2. Description of the Related Art

“Federated Learning” (FL) is a machine learning technique that trains an algorithm across multiple decentralized edge devices that hold local data samples without exchanging the actual data.

This approach is in contrast to conventional centralized machine learning techniques in which all local data sets are uploaded to a server.

Federated learning enables multiple actors to build a common robust machine learning model without exchanging data, thus making it possible to address critical issues, such as data protection, data security, data access rights and access to heterogeneous data.

Federated learning requires a large number of devices to frequently exchange their learned model updates resulting in a significant communication overhead. This poses a major challenge in FL compared to realistic networks, which are limited in terms of computational and communication resources. Therefore, a subset of clients is frequently selected in order to minimize the devices participating in FL tasks.

Earlier works mainly concentrated on non-IID (“independent and identically distributed”) cases in which the training data of a specific client, such as a mobile telephone, is typically based on the usage of the mobile device by a specific user and therefore a user's local dataset is not representative of a population distribution.

In other words, contributions of individual clients, i.e., weights of locally trained models, are not always treated equally, but are weighted in an aggregation process.

Existing systems and previous works do not address data quality issues or the selection of devices based on previous client-server interactions or trust.

Client-server interactions, or interactions for short, refer, for example, to data communications between a client and a server. The data can be user data, such as sensor data, or control data for controlling a client or a device connected to a client.

The publication AMIT PORTNOY ET AL: “Towards Federated Learning with Byzantine-Robust Client Weighting”, ARXIV. ORG, CORNELL UNIVERSITY LIBRARY, 201 OLIN LIBRARY CORNELL UNIVERS ITY ITHACA, NY 14853, May 18 2021 (2021-05-18), XP081949237 discloses a client-server system for operating a device with a model based on federated learning comprising a trust factor for the device, which comprises a reliability factor and a quality-of-information factor. However, the trust factor has only low information density and is determined and stored centrally. Therefore, the solution only introduces a slight improvement.

The publication THOMAS HIESSL ET AL: “Industrial Federated Learning-Requirements and system Design”, ARXIV. ORG, CORNELL UNIVERSITY LIBRARY, 201 OLIN LIBRARY CORNELL UNIVERSITY ITHACA, NY 14853, May 14 2020 (2020-05-14), XP081673589, relates to a method for operating a device on a client of a client-server system with a model based on federated learning. However, the system does not take into account dynamic changes in the models in the context of federated learning and is therefore inadequate.

SUMMARY OF THE INVENTION

In view of the foregoing, it is therefore an object of the invention to further improve the aggregation process for data in federated learning and to take into account operational characteristics of the clients.
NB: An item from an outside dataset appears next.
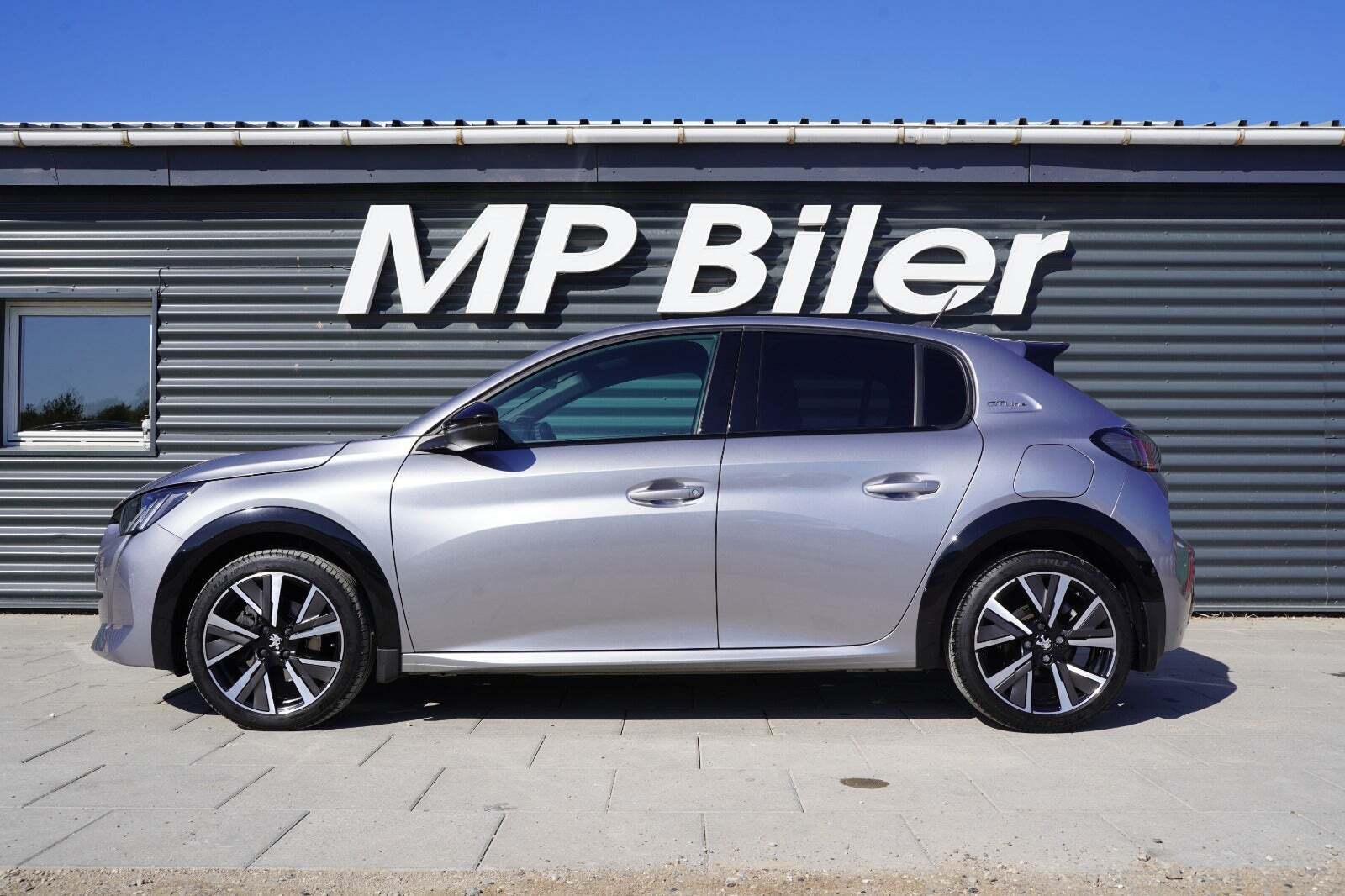 undefined Peugeot 208 fra 2020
The operational characteristics should take into account not only the initial operation, but also the current operation and should therefore also comprise dynamic adaptations of the model for operating the device.

The objects and advantages are achieved in accordance with the invention by a data structure comprising a trust factor for the device, which has a reliability factor, a response time factor and a quality-of-information factor for taking into account the data quality of the model for the data of the model, and the trust factor (T) is structured as a model formed as a Bayesian network, where the trust factor is provided for applying a weighting of the model of the technical device by the client during ongoing operation of the system.
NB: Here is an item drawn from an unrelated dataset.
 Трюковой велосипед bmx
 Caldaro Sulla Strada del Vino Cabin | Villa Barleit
The term “trust” can be defined as an agent's belief in attributes such as response time, reliability and competence in terms of the quality of information provided by a trustworthy agent. To model trust in an IoT edge-based network, a naive Bayes classifier approach is provided.

A Bayesian network or Bayes network is a relationship network that uses statistical methods to represent probability relationships between different elements, in particular conditional probabilities.
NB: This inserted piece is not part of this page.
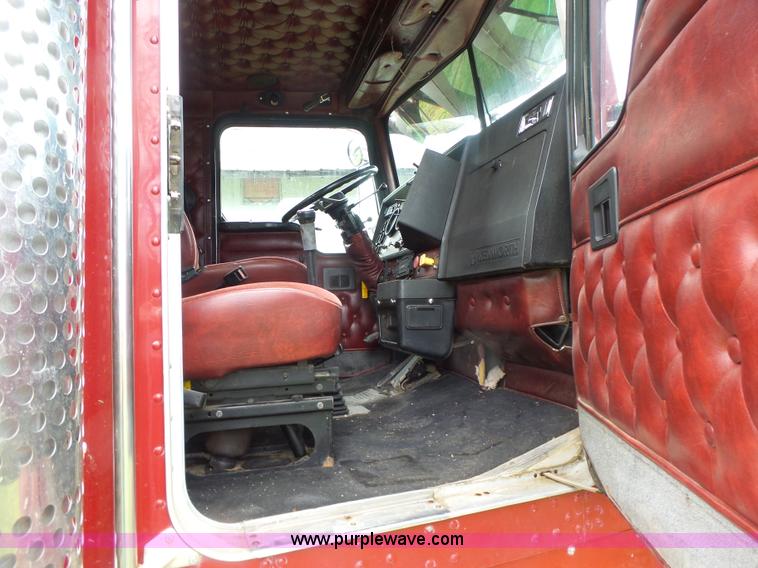 image for item L7230 1997 Kenworth W900 semi truck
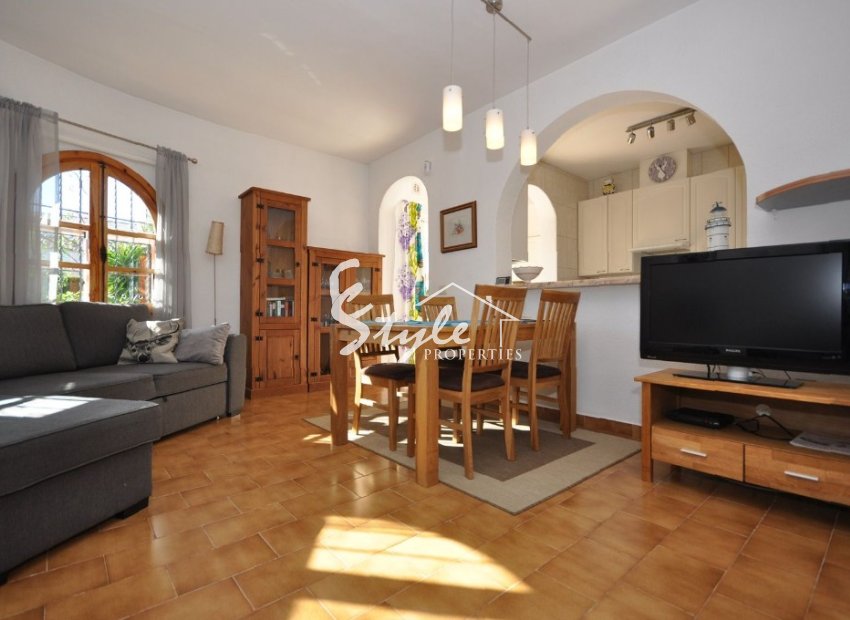 Resale - Villa - Playa Flamenca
A Bayesian network is a directed acyclic graph in which the nodes represent random variables and the edges represent conditional dependencies between the variables. Each node of the network is assigned a conditional probability distribution of the random variable it represents, given the random variables at the parent nodes. They are described by probability tables. This distribution can be arbitrary, but discrete or normal distributions are often used. Parents of a node v are the nodes from which an edge leads to v.

A Bayesian network is used to represent the joint probability distribution of all variables involved as compactly as possible using known conditional independencies. Herein, the conditional (in) dependence of subsets of the variables is combined with the a priori knowledge.

A data structure based on a Bayesian network is therefore particularly favorable for storing probabilities as compactly as possible. This is particularly favorable if the data is transferred or stored in a data network, such as between clients and servers.

A naive Bayesian network is a simple Bayesian network, i.e., a directed graph that represents conditional dependencies.

It consists of a root node and several leaf nodes. A naive Bayesian network is used to represent the trust between two nodes, such as between a server and a client in a favorable way.

Herein, three trust aspects are taken into account in a trust factor (“trust in IoT node”), i.e., reliability, response time and quality of information.

Reference is made to the fact that, in the present context, the term “factor” is used for the sake of simplicity, even though the trust factor is a model in the form of a Bayesian network and hence is not a scalar in the present context. Alternatively, the term “trust model” can be used as the equivalent of the term “trust factor”.

The trust factor describes the trust of a server in a client and can change dynamically during the operation of the client-server system.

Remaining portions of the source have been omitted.